I tried opening my hard drive by plugging it into my laptop, but it didn't work as I expected to be.

Is there any other way to recover a hard drive? I have been into this gadget that supposedly can swap HDDs outside. I don't know what its called, but I have seen someone have a laptop connected to some wires were to connected to some opening and he just was able to have multiple hard drives switched easy.

I would stick out vertically like an NES toploader, and he switched HDDs like USB drives.

I think thats my only chance of recovering it.

Anything else to help recover it, or related to switching out HDDs? This is for 2.5 inch drives.
 
Solution
As others have stated, water probably got inside. There's a small hole on the drive blocked by only an air filter, to allow air pressure inside and outside the drive to equalize, and prevent the frame from warping. Water can get in through this hole when submerged.

If the data is important, you'll have to send it to a HDD recovery service.

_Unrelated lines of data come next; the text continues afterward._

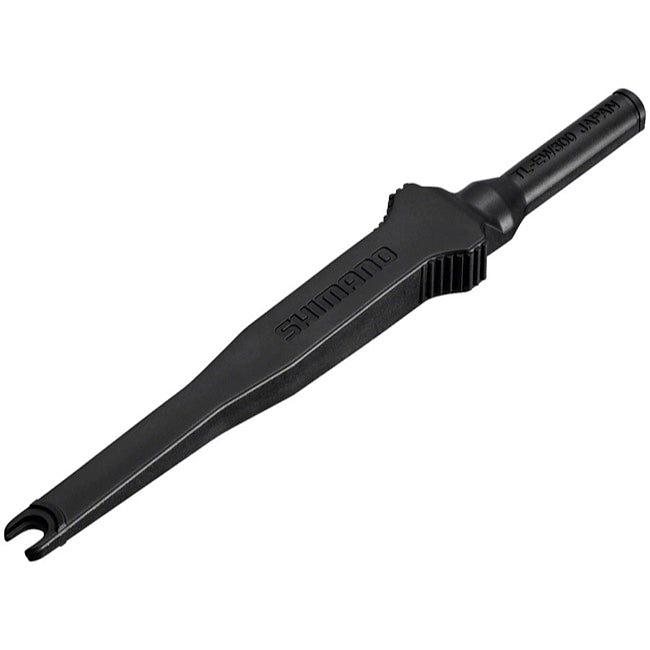 Shimano TL-EW300 Cable Plug Tool (Black)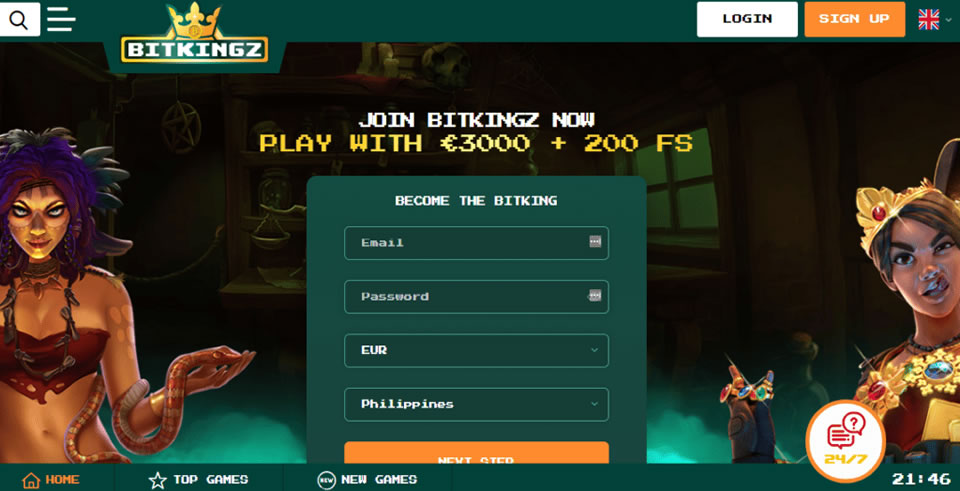 bet7k casino online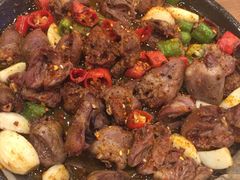 -老东镇啤酒屋海鲜加工·蒸汽海鲜·海鲜烧烤(台东店)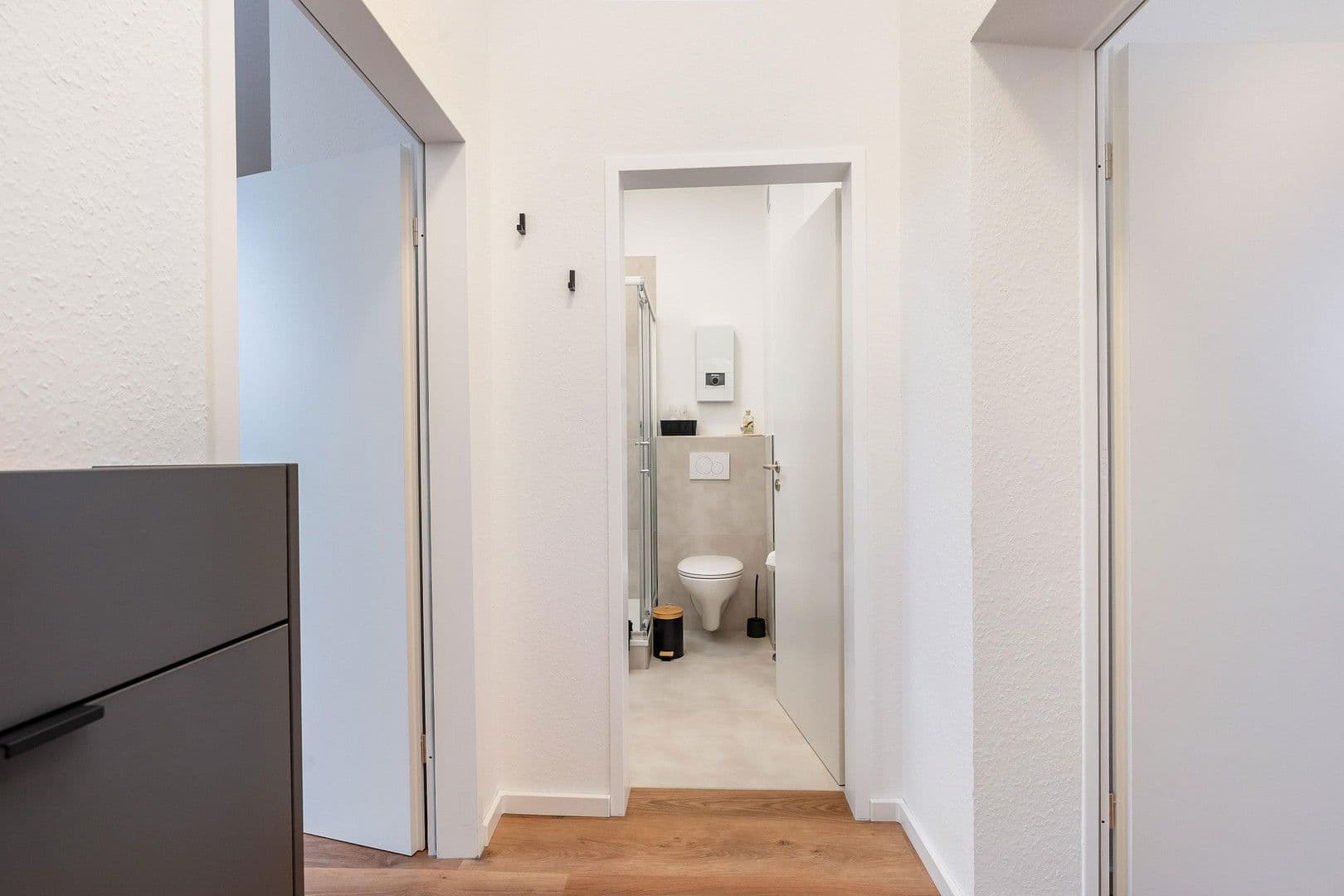 Pronájem bytu 2+1 52 m², Kapellenstr. 43, Cáchy, Severní Porýní-Vestfálsko Pronájem bytu 2+1 52 m², Kapellenstr. 43, Cáchy, Severní Porýní-Vestfálsko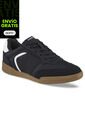 Zapatos Sabler Negro Para Mujer Croydon de Croydon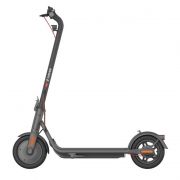 Navee V25 Elektromos Roller Black (CIKK/0030)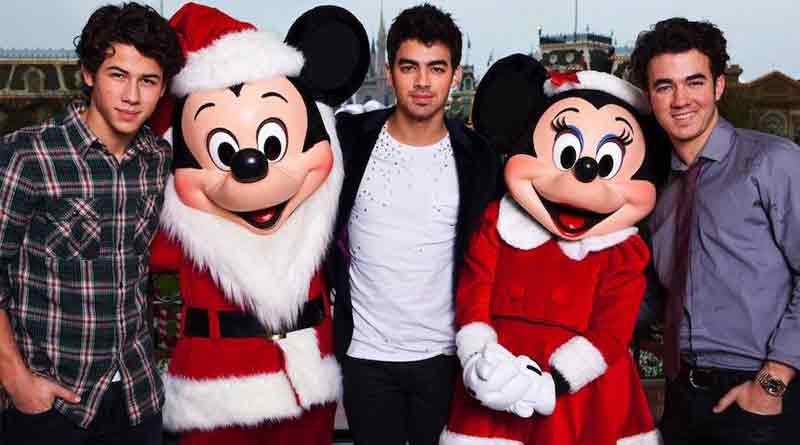 Kevin Jonas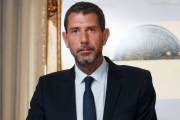 La persona que ocupará el cargo de Franco Mogetta en la Secretaría de Transporte ¿Quien es Luis Pierrini?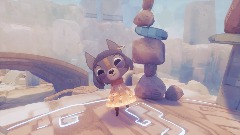 My Ancient Temple!
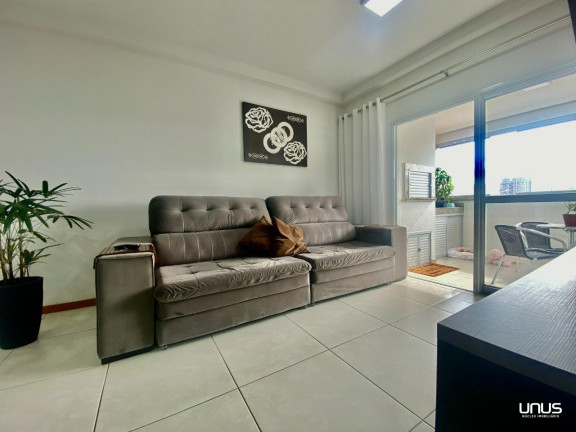 Imagem Apartamento com 3 Quartos à Venda, 130 m² em Barreiros - São José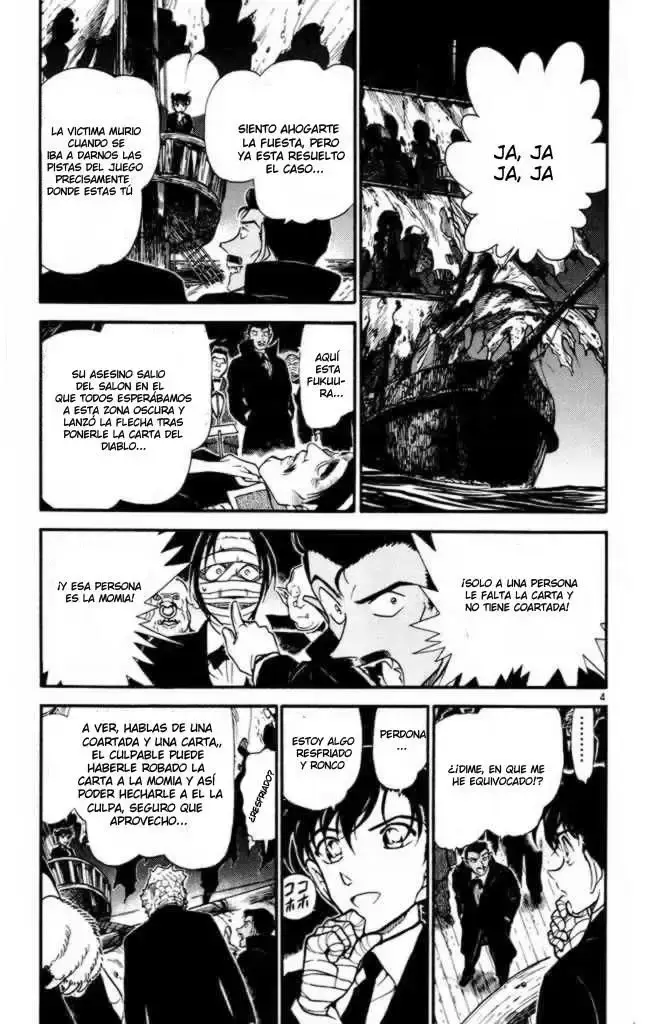 Capitulo 432 page 5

You should find one and explain the situation to them ASAP. Depending on how much water got in and how long it was submerged. most of the damage can start after you remove the drive from the water. That is, if it's been completely submerged for a while, you're actually better off leaving it submerged (ship it to the recovery service packed in a watertight box with the drive still...


The device you're referring to sounds like a regular USB dock.
Not magic.

If, on your initial power up, it didn't work...it's probably dead.
Drives are not actually sealed. Water seeped in, and is still in there.
It is dead.
 
As others have stated, water probably got inside. There's a small hole on the drive blocked by only an air filter, to allow air pressure inside and outside the drive to equalize, and prevent the frame from warping. Water can get in through this hole when submerged.

If the data is important, you'll have to send it to a HDD recovery service. You should find one and explain the situation to them ASAP. Depending on how much water got in and how long it was submerged. most of the damage can start after you remove the drive from the water. That is, if it's been completely submerged for a while, you're actually better off leaving it submerged (ship it to the recovery service packed in a watertight box with the drive still underwater). The recovery service should ask you the appropriate questions and instruct you on how best to proceed.

Do not put this off. Every hour you delay is more time that the materials in the drive are corroding and your data is disappearing. Do not open the drive to try to dry it off yourself. HDDs should only be opened inside a clean room, as a speck of dust can cause a drive head crash or even scrape metal (data) off the platters.